In order to search for the substrate of TPR-CHAT, the research group analyzed the gene cluster of type III-E. Typically, there are three conserved accessory genes in this cluster: Csx30, Csx31, and a Sigma factor E (σE) encoding SbRpoE. Protease activity experiments showed that in the presence of CTR, Craspase can cleave Csx30 but not SbRpoE. Moreover, the protease activity of Craspase on Csx30 cannot be activated in the presence of TR or NTR. Since Csx31 alone could not be purified to a homogeneous state, no enzymatic cleavage detection was performed on the individual Csx31 protein. Additionally, they also found that Csx30, Csx31, and SbRpoE can form a complex, and the activated Craspase can cleave the Csx30 protein within this complex.

To investigate the biological significance of Csx30 cleavage activated by CTR, the research group transformed genes encoding gRAMP, TPR-CHAT, Csx30, Csx31, and SbRpoE, as well as a synthetic CRISPR array containing sequences for dsDNA bacteriophage lambda (λ) gene transcripts, into Escherichia coli. They conducted experiments on λ phage infection and bacterial growth induction inside the bacterial cells. The experimental results indicated that this system could confer E. coli with resistance to λ phage through a stuttering infection mechanism. Moreover, Craspase recognition of CTR and subsequent cleavage of Csx30 were found to be cytotoxic to the cells, and the cleaved segments of Csx30, when co-expressed with Csx31 and SbRpoE in E. coli, inhibited the growth of E. coli.

Based on the above research, the research group proposed a molecular mechanism model of the III-E immune system, which indicated that TPR-CHAT in Craspase itself is in an inactive state, and the RNA transcribed from phage induces a conformational change in TPR-CHAT by binding to Craspase, activating its activity. TPR-CHAT recognizes the substrate Csx30 and cleaves it, thus triggering bacterial stalling infection in the presence of Csx31 and SbRpoE (Figure 1). However, the detailed mechanism of cell death induced by the cleavage of Csx30 in the presence of Csx31 and SbRpoE remains to be further studied.

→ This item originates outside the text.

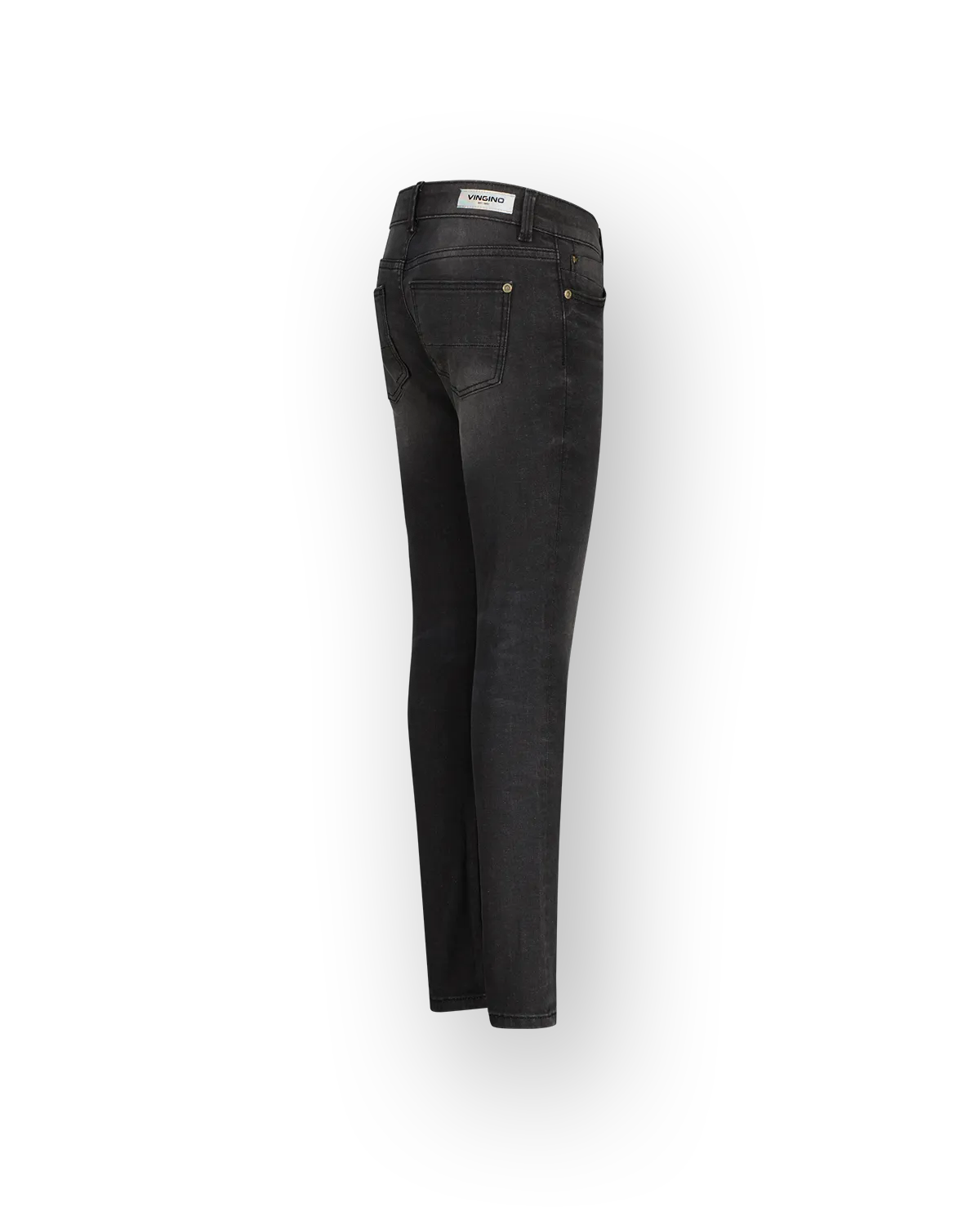 Mädchen Skinny Jeans Alice | Schwarz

Doctoral students Liu Qian and Wang Hao from Beijing University of Chemical Technology, Postdoctoral Zhang Laixing from Tsinghua University, master's student Xiu Yu, Huang Ling, and Gao Zhengyu are the co-first authors of this paper. Professor Feng Yue is the corresponding author and Lead Contact of this paper, Professor Yang Maojun from Tsinghua University and Dr. Zhang Laixing are the co-corresponding authors of this paper. Beijing University of Chemical Technology is the first completing unit.

Figure 1. Model of the immune mechanism of the type III-E CRISPR-Cas system.


References:

1.Makarova, K.S. et al. Evolutionary classification of CRISPR-Cas systems: a burst of class 2 and derived variants. Nat Rev Microbiol18, 67-83 (2020).

2.Ozcan, A. et al. Programmable RNA targeting with the single-protein CRISPR effector Cas7-11. Nature597, 720-725 (2021).

3.van Beljouw, S.P.B. et al. The gRAMP CRISPR-Cas effector is an RNA endonuclease complexed with a caspase-like peptidase. Science373, 1349-1353 (2021).

4.Kato, K. et al. Structure and engineering of the type III-E CRISPR-Cas7-11 effector complex. Cell185, 2324-2337 e2316 (2022).